Oil and gas subcontracting activities, service provision and supply are classified under three main categories according to the Local Content Decree, as follows:

  • category A refers to activities to be exclusively conducted by Ivorian companies;
  • category B refers to activities to be conducted primarily by companies incorporated under Ivorian law, but that can also be conducted by foreign companies in partnership with one or more Ivorian company; and
  • category C refers to activities that can be conducted by either companies under Ivorian Law or foreign companies.

The activities of category B are divided into two sub-categories:

  • B1 refers to activities that should be conducted by companies incorporated under Ivorian Law; and
  • B2 refers to activities that should be conducted by Ivorian companies in partnership with foreign companies.

For clarification, Ivorian companies are defined as companies in which at least 51% of the capital is owned by individuals holding Ivorian nationality or legal entities controlled by Ivorian individuals. The control of a legal entity means that at least 51 % of the capital is directly or indirectly owned by a legal entity or an individual, granting such entity or person voting rights.

As for companies incorporated under Ivorian Law, they refer to companies incorporated before the commercial register in Ivory Coast, with no restriction regarding the nationality of their shareholders.

The Local Content Decree outlines an exhaustive list of activities corresponding to each category. It is imperative for every operator to precisely identify the specific type of activities they intend to undertake based on this classification, as this will significantly influence the structuring of the relevant project.

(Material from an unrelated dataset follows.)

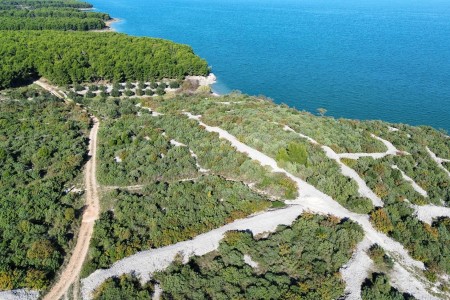 Vransko jezero - poljoprivredno zemljište s pogledom, 3768 m2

“JVs are the most common type of agreement entered into between international and local oil and gas companies”.

Available Structuring Options

In light of the foregoing, depending on the activity, the operator may have several structuring options, including:

  • One option is to create a local entity. This involves establishing a local entity in conformity with the nationality conditions imposed by law.
  • Another option is to participate directly in the share capital of a local partner. Operators can choose to acquire shares in the capital of an Ivorian company.
  • A third option is to sign a partnership agreement with a local partner. The Local Content Law or Decree does not currently impose any specific form or restrictions on the nature of the partnership agreement between foreign operators and local partners (Ivorian companies), so the parties are entirely free to choose the form of such partnerships, such as a memorandum of understanding, service agreement or sub-contracting agreement.
  • A fourth option is to enter into a Joint Venture (JV) with a local partner. JVs are the most common type of agreement entered into between international and local oil and gas companies. JVs provide an opportunity for two operators (or more in case of a consortium) to pool capital and transfer best practices to complete a specific project. The conditions of such JVs depend on the commercial terms of the project, delivery timelines, technical standards, logistical support, the duration of the project, responsibilities, assets required and risks to be incurred by each party, and the exit strategy.

The JV arrangement can be structured in a way that offers the most preferred tax benefit to both parties of the JV. Applicable taxes should always be discussed with tax advisers prior to the implementation of any project due to the risk of requalification of permanent establishment, especially in the case of multiple continuous projects over the long term.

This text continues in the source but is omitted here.